> TASK
Under this line are the records; write out word for word the part that begins at the line containing "1918 Se REGNER Rd, Gresham, OR 97080" and ends at the line containing "Karrige metalike te", and no more.
==== PROVIDED DATA ====
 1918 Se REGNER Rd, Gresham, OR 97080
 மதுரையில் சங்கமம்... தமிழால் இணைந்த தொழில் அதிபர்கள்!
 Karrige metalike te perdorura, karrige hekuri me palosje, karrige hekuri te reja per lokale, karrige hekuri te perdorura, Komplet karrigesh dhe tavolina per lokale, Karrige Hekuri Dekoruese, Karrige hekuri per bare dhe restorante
====
==== PROVIDED DATA ====
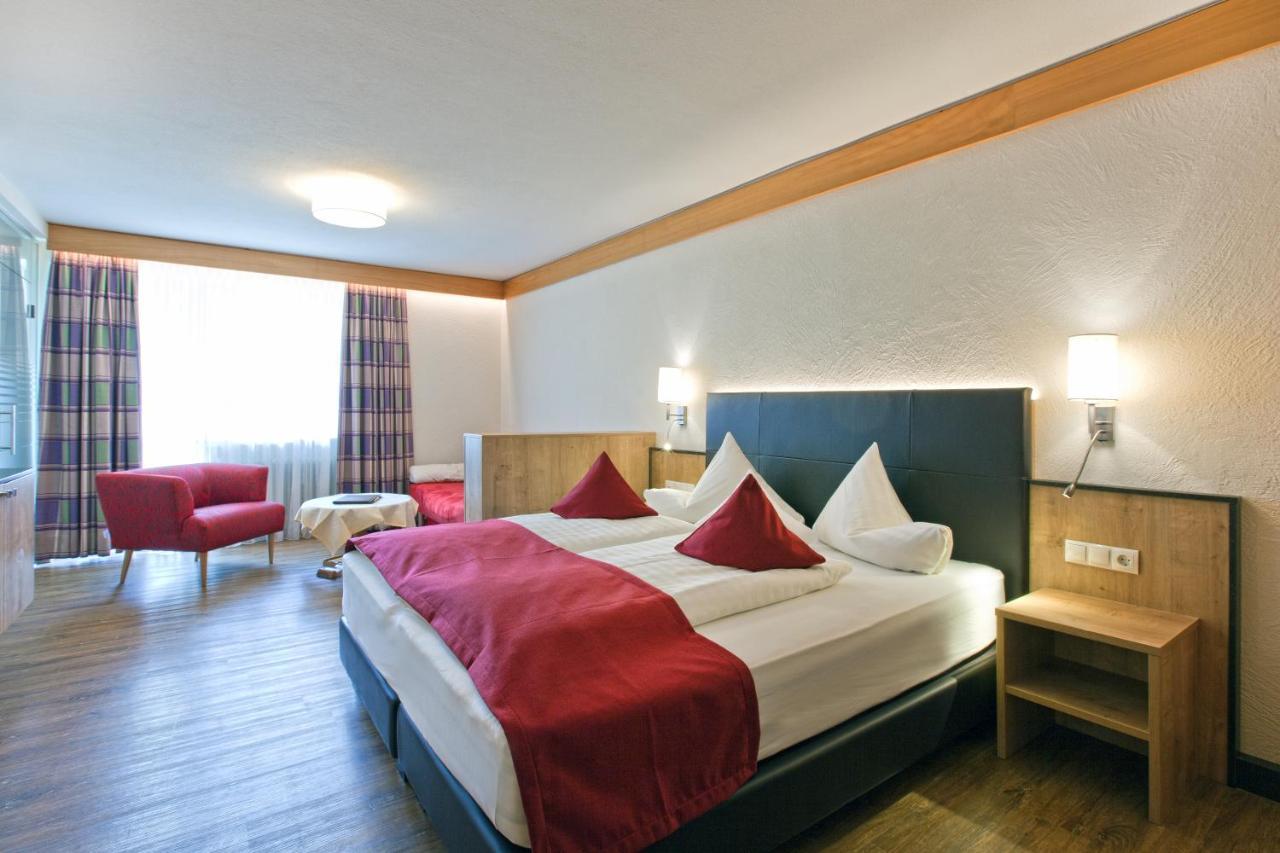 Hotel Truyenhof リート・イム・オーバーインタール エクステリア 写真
====
> OUTPUT OF THE TASK
 1918 Se REGNER Rd, Gresham, OR 97080
 மதுரையில் சங்கமம்... தமிழால் இணைந்த தொழில் அதிபர்கள்!
 Karrige metalike te perdorura, karrige hekuri me palosje, karrige hekuri te reja per lokale, karrige hekuri te perdorura, Komplet karrigesh dhe tavolina per lokale, Karrige Hekuri Dekoruese, Karrige hekuri per bare dhe restorante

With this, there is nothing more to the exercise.